The F.I.T.S. Manifesto: Why We Need Fair Income Tax Sharing and a New Separation of Powers

Most Canadians live in big cities like Toronto and Montreal. We produce almost all of your new jobs. We pay the vast majority of your taxes. And yet we’re forever at the mercy of provincial leaders who disparage us whenever they’re not ignoring us. Like the people who founded this country, men like Louis-Hippolyte LaFontaine and Robert Baldwin, we want home rule and responsible government. What we’ve had for the last half century is irresponsible government and taxation without representation.

Under the existing system, the relationship between province and city is roughly equivalent to the relationship between parents and their dependent children. We entrust provinces with billions of dollars worth of resources and expect them to take care of their dependent cities. But I think it’s obvious to anyone who’s paying attention that the provinces have consistently failed to do this.

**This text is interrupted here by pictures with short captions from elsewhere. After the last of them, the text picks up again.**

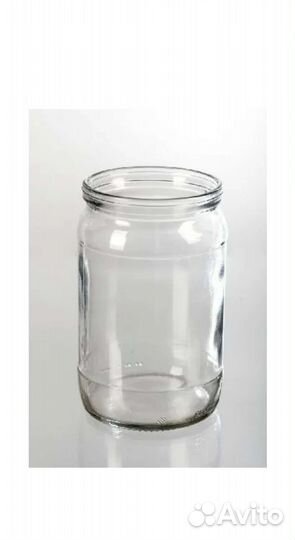 Стеклянная банка 0,7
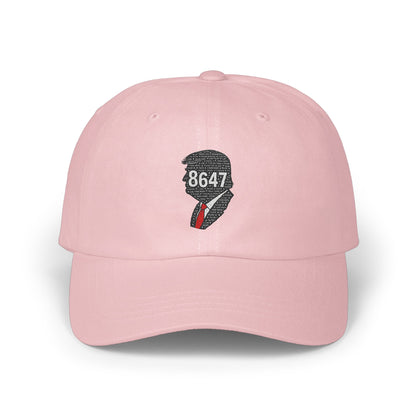 Embroidered 8647 Graphic Design Baseball Cap product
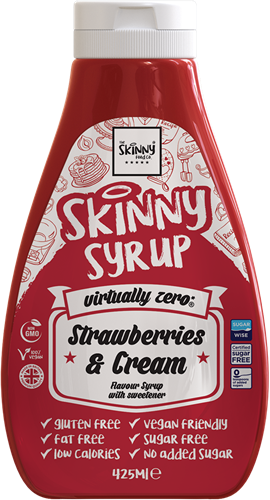 Skinny Syrup Confiture à la fraise (425 ml)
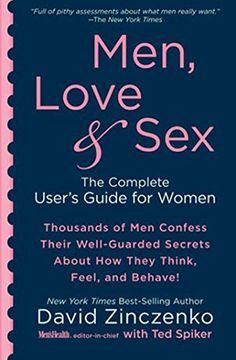 portada Men, Love & Sex: The Complete User's Guide for Women (en Inglés)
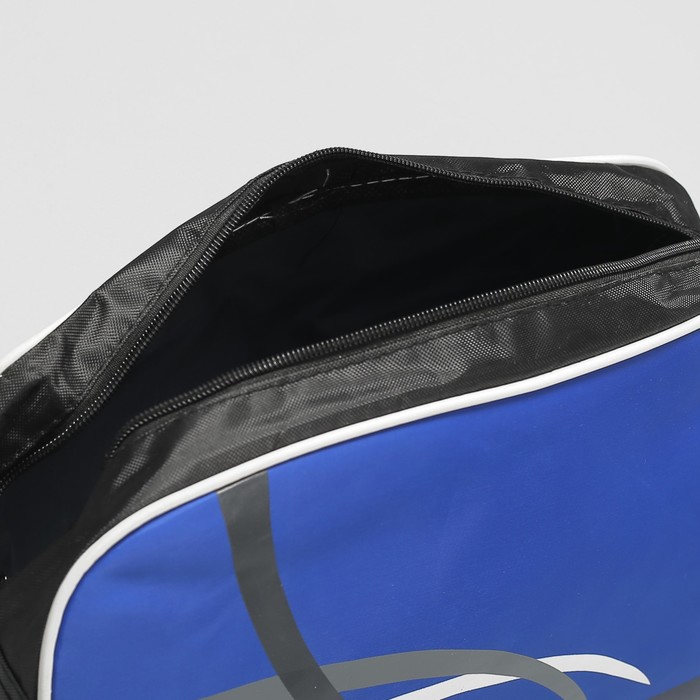 Сумка для обуви Крисс, 33*15*18, 1 отд на молнии, якро-синий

Ask yourself this: if we were drawing up our Constitution today, would we give our cities only eight percent of the tax revenue, leaving the rest for the provinces and the federal government? Certainly not. Yet that is the situation in Canada today. So why not change it?

The problems faced by our cities are structural. Cosmetic changes won’t fix our crumbling cities; halfhearted gestures towards buzzwords like ‘efficiency’ or ‘transparency’ won’t either. We don’t need another interior decorator, we need a general contractor. The financial foundations of our cities cannot support the weight of twenty-first-century Canada.

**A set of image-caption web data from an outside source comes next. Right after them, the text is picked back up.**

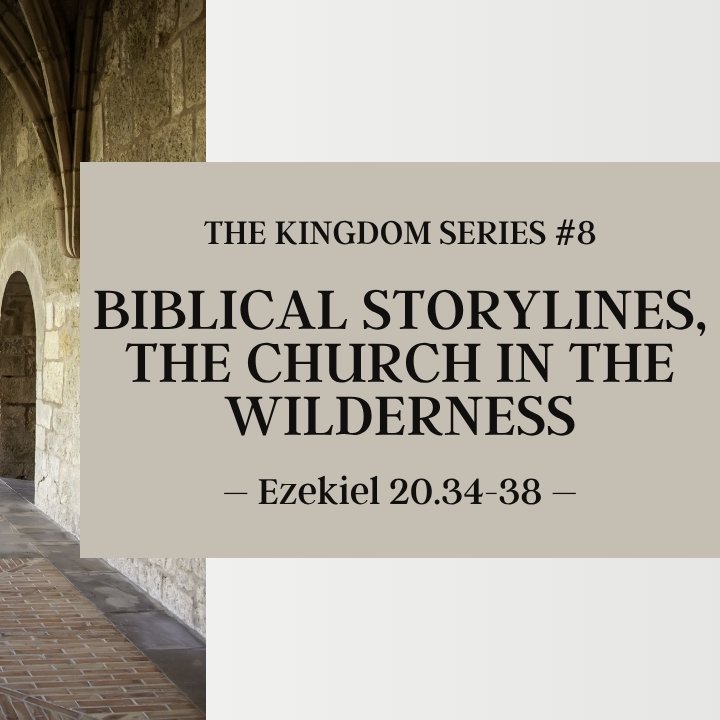 Biblical Storylines, The Church in the Wilderness | The Kingdom Series #8 episode artwork
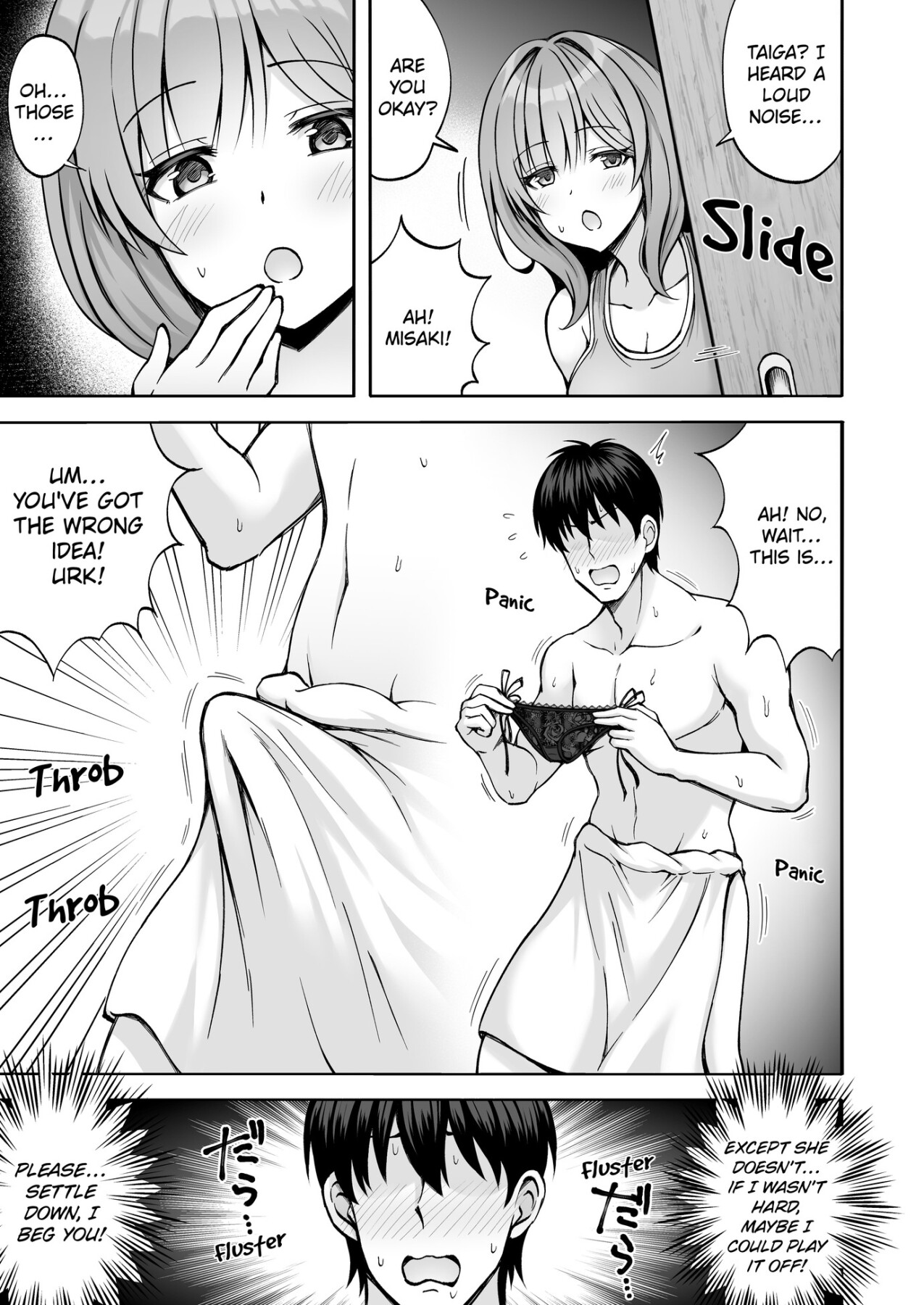 Hentai Manga Comic-My Brother's Girlfriend Seems Kind and Soothing, but Is Actually a Pervert-Read-12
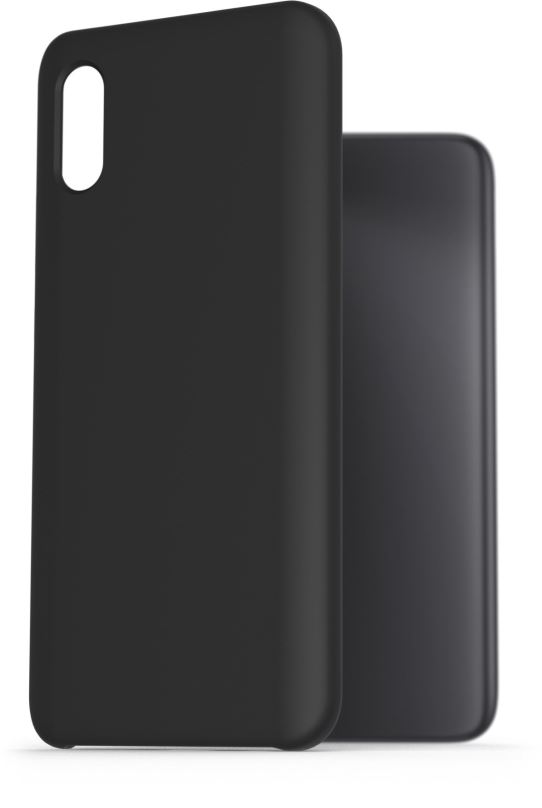 Kryt na mobil AlzaGuard Premium Liquid Silicone Case pro Xiaomi Redmi 9A černé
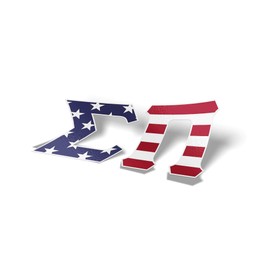 Desert Cactus Sigma Pi Stickers Fraternity USA Letter Decal Greek 2 Inches Tall for Window Laptop Computer Car 2x2 Sheet sig pi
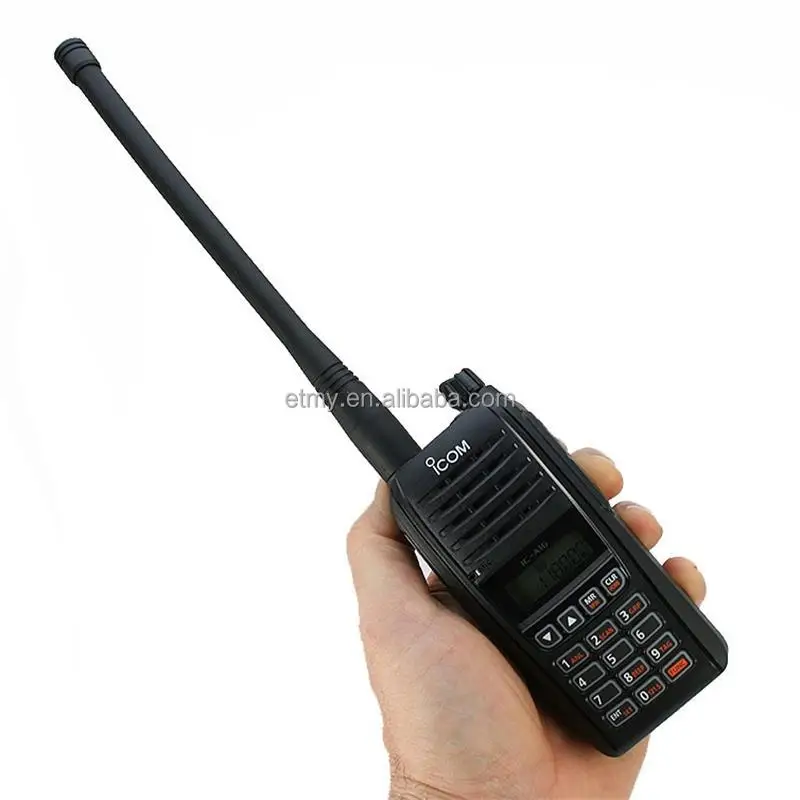 ICOM IC A16 A16E VHF Aviation Handheld VHF AIR BAND TRANSCEIVERS walkie talkie radio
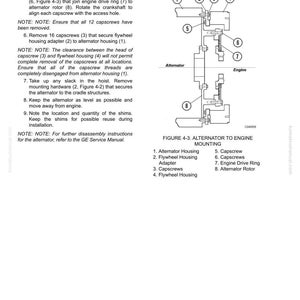 Komatsu 930E-4 Dumper Servicehandbok Reparation Verkstad PDF Ladda ner bild 4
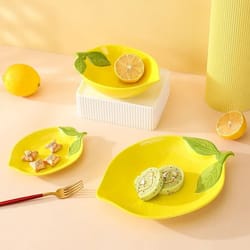 zesty orchard ceramic lemon collection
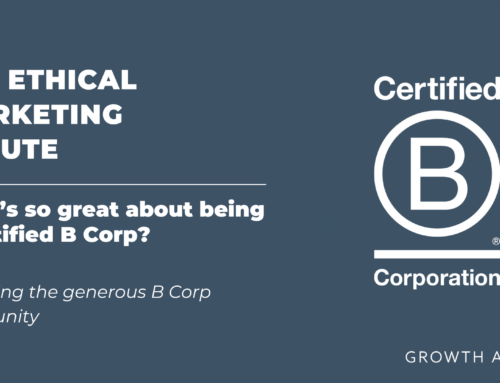 What’s so great about being a certified B Corp?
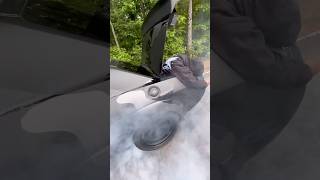 2 HELLCATS SMOKES OUT ATL HIGHWAY🔥💨😱 shorts mustwatch [upl. by Bakeman674]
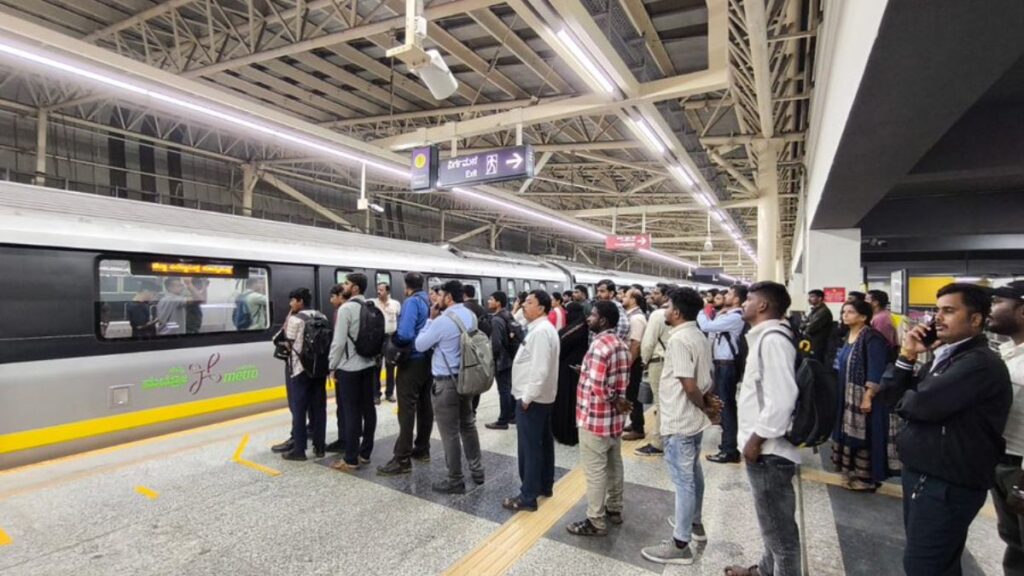 Bengaluru Metro Yellow Line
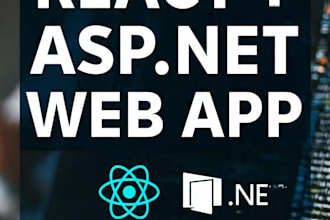 build react aspnet website ecommerce store web app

We need a new separation of powers, or indeed a new balance of power, in our nation. The challenges we face today, like integrating new Canadians into our social fabric, or transitioning to low-carbon-emission lifestyles, are happening in urban Canada. To build the future we want, we need to fix the problems of the past, and that means giving Canadian municipalities the tax revenue they’re missing. Our cities need the real power that comes with real money.

Right now we pay two income taxes: federal and provincial. But we want to pay more. We want to pay three: federal, provincial, and municipal. We want the money we pay in income taxes each year to be divided up as follows: one-third to the federal government, one-third to our provincial government, and one-third to our municipal government.

It’s appalling that Canadian mayors like John Tory and Valérie Plante have to debase themselves each year—hat in hand, like pathetic panhandlers—and beg their provinces and Ottawa to give them a little bit of the money that we, city-dwelling taxpayers, put in their pockets. We dream of a future wherein the provinces and Ottawa have to come to City Hall when they want to increase spending on this or that.

Our taxation system made sense in nineteenth-century Canada, but it makes no sense now. In 1867, Canadian cities had no electrical grids to maintain. There weren’t any paved roads. Their waste water systems dumped untreated sewage into the waterways. Their transit systems, if they had them, consisted of horse-drawn carriages. The modern infrastructure we all take for granted—snowplows, treated water, electric light, and so much more—didn’t exist when Canada divided up jurisdictions and taxing authority among the various orders of government. And so, it’s no surprise that cities weren’t given the taxing powers to pay for it. But we live in a new world now: cities are where the action is in twenty-first-century Canada. And it’s time that our taxation system reflected that simple fact.

—Andrew Miller & John Faithful Hamer

*This article was updated in early 2018.